He’d been on the phone with his sister right after he took the first dosage. At the start of the conversation he could barely put together a sentence. By the time he hung up the phone, he was already feeling better. And every day he kept getting better and better until he was back to normal.
“I’m telling you, Benny — it was a miracle.”
He’s saying this, by the way, while we walk out of Wrigley Field, up Waveland to Clark Street and down Clark to Belle Plaine — a journey of at least a half a mile.
A few months ago the man could barely flick a light switch and now he’s walking half a mile through crowds of people, carrying on an animated conversation. It is a miracle.

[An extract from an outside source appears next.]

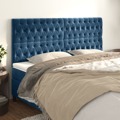 Cabeceira de Cama 4 pcs Veludo 90x7x78/88 cm Azul-escuro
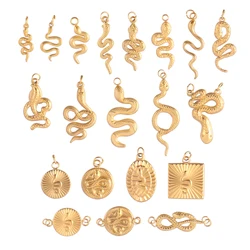 5pcs Stainless Steel Animal Snake Pendant Diy Pendant Charms for Necklace Bracelet Dangle Charms for Jewelry Making DIY Jewelry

In a month or so, he and Barbara will drive north to Michigan to spend a week with their children and grandchildren. They’ll walk the beach. Swim. Play cards. Whatever.
“Benny, every day — it’s a blessing.”
We say goodbye at his car and I make the long walk home. Don’t tell anyone — I stop at Baskin & Robbins for some ice cream. Get the vanilla soft-serve. Damn, that’s good.
I’m walking home, eating my ice cream and thinking of Alan.
You hear so much bad news in the world. Senseless, shocking, inexplicable violence and horrors. It’s reassuring to hear a story that’s more of a blessing and less like a curse.